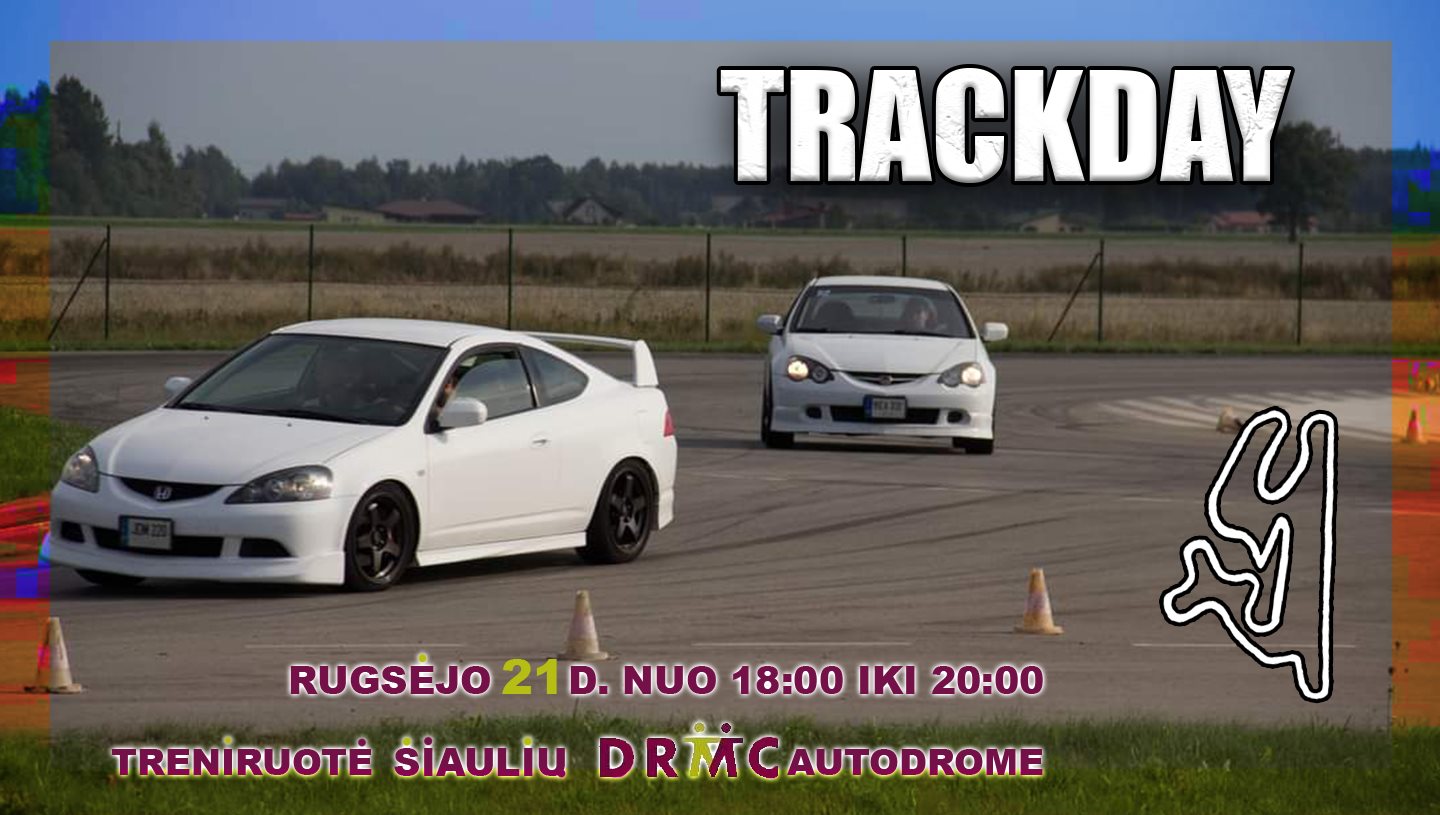 Trackday DRMC autodrome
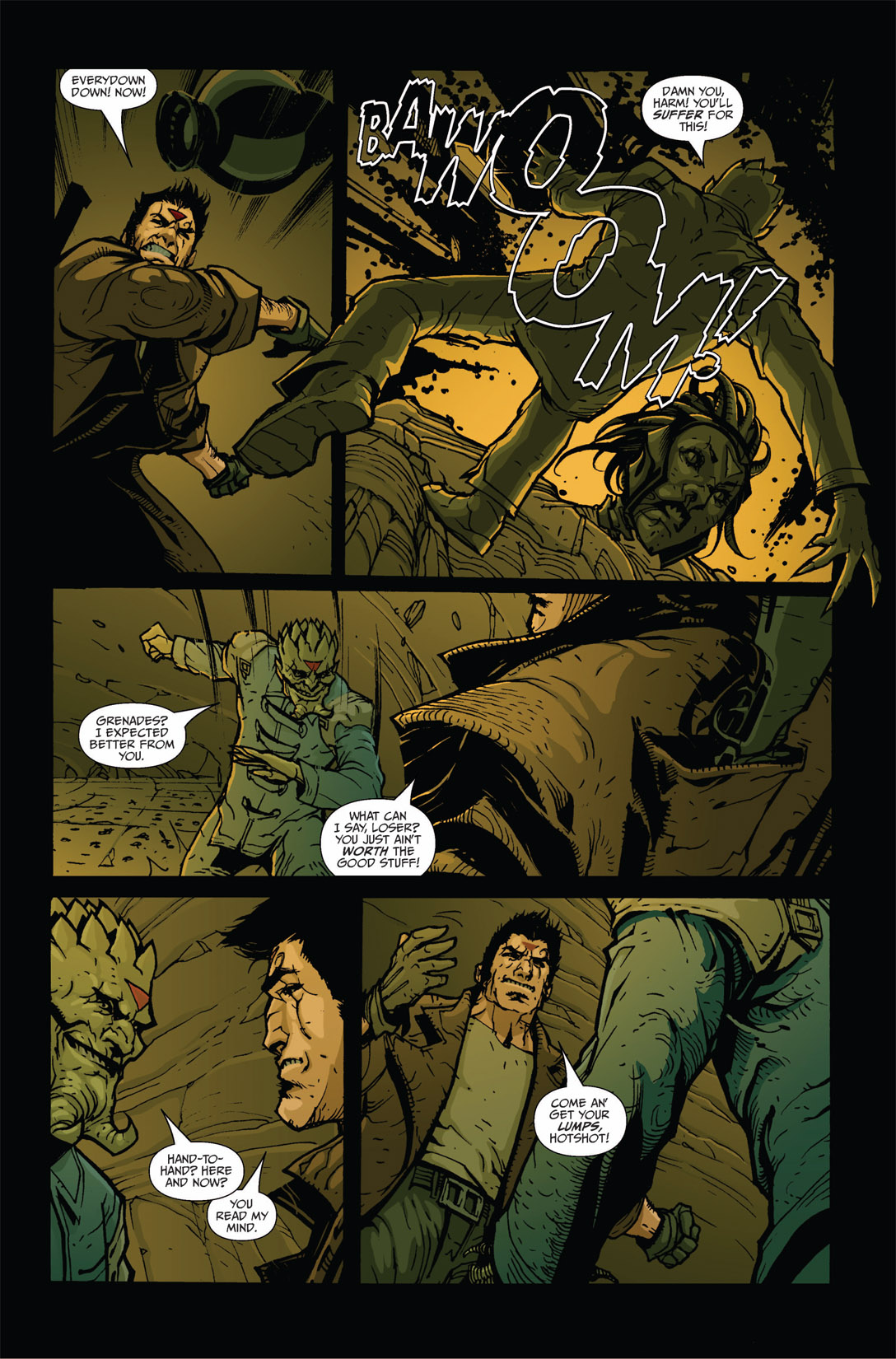 Read online Jeremiah Harm comic -  Issue # TPB - 105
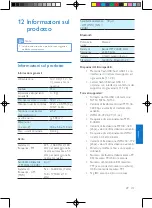 Предварительный просмотр 121 страницы Philips CE135BT User Manual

-- Problem to work on --
Drop every picture from the data, then output all the rest exactly.

-- Answer to the problem --
 Trackday DRMC autodrome
 Read online Jeremiah Harm comic -  Issue # TPB - 105
 Предварительный просмотр 121 страницы Philips CE135BT User Manual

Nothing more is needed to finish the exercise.